The progress of the CROWN Act, passed in several states and introduced at the federal level, represents a vital step towards dismantling these pervasive biases. It acknowledges that hair discrimination is not an isolated issue but a continuation of racial discrimination, denying individuals opportunities based on their natural appearance. This legislative effort aims to create environments where all hair textures are respected and celebrated, rather than policed or penalized.
- Historical Precedent ❉ Discriminatory policies, such as the tignon laws of 18th-century Louisiana, illustrate early attempts to control Black women’s hair as a symbol of identity and perceived social standing.
- Health Outcomes ❉ Prolonged use of chemical relaxers, often driven by societal pressure, is now linked to increased risks of uterine and other hormone-related cancers for Black women.

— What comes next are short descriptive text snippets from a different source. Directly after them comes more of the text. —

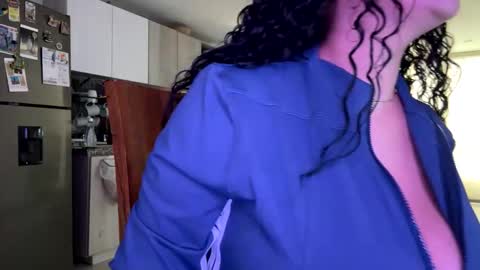 space online show from February 28, 9:19 pm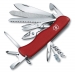 Couteau suisse victorinox workchamp cadeau d’entreprise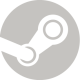 STEAM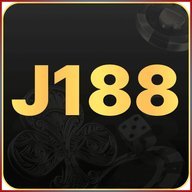 j188fgzxik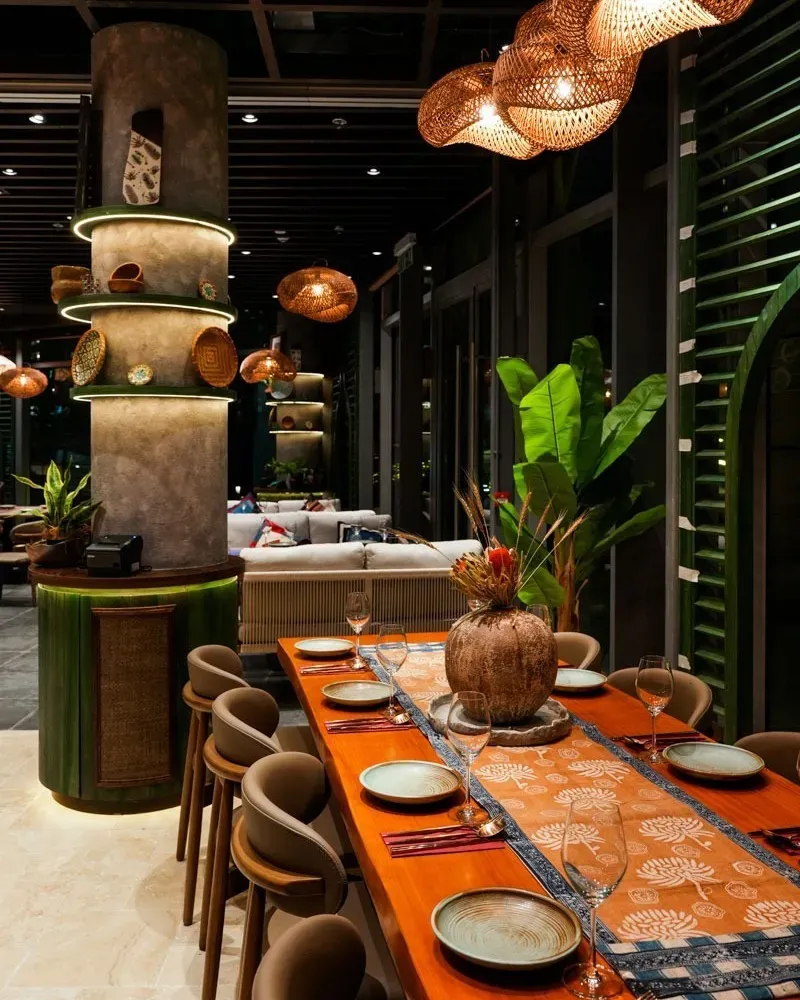 圖片來源：官方網站、U Lifestyle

- Modern Advocacy ❉ The CROWN Act represents a contemporary legislative response to combat ongoing discrimination against textured hair in professional and educational spaces.

Reflection
Our collective journey through the historical landscape of hair care and identity unveils a profound truth ❉ a single strand is never truly alone. It carries the weight of history, the joy of ancestral wisdom, and the promise of a future where true self-acceptance blossoms. The textured hair on our heads stands as a vibrant testament to resilience, a living chronicle of resistance against centuries of bias. Each coil, each curl, each loc whispers stories of survival and creativity, reminding us that beauty, in its most authentic form, is inherently diverse and deeply rooted.
Every strand of textured hair carries the vibrant legacy of resilience and self-determination.
This heritage, once suppressed, now rises with renewed power, guiding us to care for our hair not just as a physical attribute, but as a sacred connection to those who came before us. It challenges us to look beyond fleeting trends and imposed standards, seeking instead the wisdom embedded in traditional practices and the strength found in celebrating our innate qualities. The path ahead invites us to honor the elemental biology of our hair with informed care, to reclaim ancient rituals with modern understanding, and to assert our identities with unbound freedom. As we continue to learn, to grow, and to redefine beauty on our own terms, we contribute to a living archive, ensuring that the soul of each strand remains celebrated, protected, and revered for generations to come.

References
- Johnson, A. & Bankhead, C. (2014). The politics of black hair.
- Randle, R. (2015). Hair story ❉ Untangling the roots of black hair in America.
- Sieber, R. & Herreman, F. (2000). Hair in African art and culture.
- Tharps, L. (2021). Hair story ❉ Untangling the roots of Black hair in America. (As cited in CBC Radio article, 2021).
- Boston University School of Public Health. (2023). Study finds link between hair relaxer use and increased uterine cancer risk. (As cited in NewYork-Presbyterian Health Matters article, 2024).
- Dove and LinkedIn. (2023). CROWN workplace research study. (As cited in Economic Policy Institute article, 2023).